Keeping the banking angle same to increase the maximum speed with which a vehicle can travel a curved road by 10%, the radius of curvature of road has to be changed from 20m to-
A. $16m$
B. $18m$
C. $24.25m$
D. $30.5m$

Answer 1

Hint:Here, we take that the centripetal force which is acting on the vehicle is equal to the net force acting on it, and keeping the baking angle same, we obtain an equation between the velocity of the vehicle and the radius of curvature. Thus, using the equation, we put in the values of the velocities and find the radius.

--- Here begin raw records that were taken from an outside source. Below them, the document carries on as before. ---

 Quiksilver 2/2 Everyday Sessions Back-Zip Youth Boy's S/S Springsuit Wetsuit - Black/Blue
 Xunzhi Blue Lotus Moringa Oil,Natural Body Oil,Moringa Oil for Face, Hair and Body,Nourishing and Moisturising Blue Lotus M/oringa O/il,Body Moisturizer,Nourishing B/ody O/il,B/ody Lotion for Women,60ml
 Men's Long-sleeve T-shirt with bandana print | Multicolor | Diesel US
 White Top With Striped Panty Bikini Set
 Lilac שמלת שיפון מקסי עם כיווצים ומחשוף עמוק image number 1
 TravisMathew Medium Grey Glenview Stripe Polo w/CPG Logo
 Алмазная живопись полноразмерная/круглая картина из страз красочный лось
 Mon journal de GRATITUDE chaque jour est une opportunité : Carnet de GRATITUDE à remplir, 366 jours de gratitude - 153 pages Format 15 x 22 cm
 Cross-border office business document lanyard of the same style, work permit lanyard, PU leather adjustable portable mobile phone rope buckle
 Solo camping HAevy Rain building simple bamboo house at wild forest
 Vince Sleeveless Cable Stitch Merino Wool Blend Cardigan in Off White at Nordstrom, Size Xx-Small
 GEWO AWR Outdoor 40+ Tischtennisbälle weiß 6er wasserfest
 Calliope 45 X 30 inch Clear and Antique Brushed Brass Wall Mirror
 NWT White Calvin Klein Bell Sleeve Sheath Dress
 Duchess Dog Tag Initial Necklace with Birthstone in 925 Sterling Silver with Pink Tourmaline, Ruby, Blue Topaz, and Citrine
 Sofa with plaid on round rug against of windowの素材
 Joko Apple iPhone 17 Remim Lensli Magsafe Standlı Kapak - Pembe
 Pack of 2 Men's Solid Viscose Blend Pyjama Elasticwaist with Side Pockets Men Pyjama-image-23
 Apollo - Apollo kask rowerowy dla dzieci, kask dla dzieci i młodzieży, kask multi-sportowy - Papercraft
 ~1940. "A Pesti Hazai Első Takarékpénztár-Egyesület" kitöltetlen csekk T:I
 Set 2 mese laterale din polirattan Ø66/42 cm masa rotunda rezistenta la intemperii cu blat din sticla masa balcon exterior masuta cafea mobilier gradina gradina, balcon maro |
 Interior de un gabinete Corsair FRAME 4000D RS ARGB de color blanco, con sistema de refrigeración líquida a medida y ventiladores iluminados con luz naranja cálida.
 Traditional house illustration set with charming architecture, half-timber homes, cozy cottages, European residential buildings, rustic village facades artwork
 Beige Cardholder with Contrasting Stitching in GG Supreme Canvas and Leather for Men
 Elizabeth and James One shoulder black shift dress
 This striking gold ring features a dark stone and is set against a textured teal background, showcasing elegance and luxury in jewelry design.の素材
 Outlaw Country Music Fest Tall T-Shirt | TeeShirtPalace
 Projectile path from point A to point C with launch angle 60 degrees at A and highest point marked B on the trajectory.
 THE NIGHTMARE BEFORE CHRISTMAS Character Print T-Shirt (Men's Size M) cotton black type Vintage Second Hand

Complete step by step answer:
As we know that for a curved road, the centripetal force on the object is equal to the net force applied on the vehicle. Thus, we have:
\[{F_{(net)}} = {F_{(cen)}}\]
Now, the net force depends upon the mass, acceleration due to gravity and the tangent of the angle produced.
\[mg\tan \theta = m\dfrac{{{v^2}}}{r}\]
Here, m is the mass of the vehicle, g is the acceleration due to gravity, v is the velocity of the vehicle and r is the radius of the orbit/ circle in which the vehicle is moving.\[\theta \] is the banking angle. Thus;
\[\tan \theta = \dfrac{{{v^2}}}{{rg}}\]
Now, the banking angle is kept the same, but we want to increase the velocity by 10%. Thus, if ${v_2}$ is the new velocity and ${v_1}$ is the old velocity, then${v_2}$=1.1 $\times {v_1}$. Also, if ${r_2}$ is the new radius of curvature and ${r_1}$ is the old radius of curvature, then we have;
\[
\dfrac{{{v}_{1}}^{2}}{{{r}_{1}}}=\dfrac{{{v}_{2}}^{2}}{{{r}_{2}}} \\
\Rightarrow {{r}_{2}}=\dfrac{{{r}_{1}}\centerdot {{v}_{2}}^{2}}{{{v}_{1}}^{2}}=20\centerdot {{(1.1)}^{2}} \\
\therefore {{r}_{2}}=24.25m
\].

Hence, option C is the correct answer.

Note: Here, we ignore the resistance which is due to the friction on the curved road. Here, the car performs uniform circular motion and hence these equations are satisfied.Also, in uniform circular motion, as the motion is uniform, we assume that the speed of the object is constant and thus the radius also does not increase.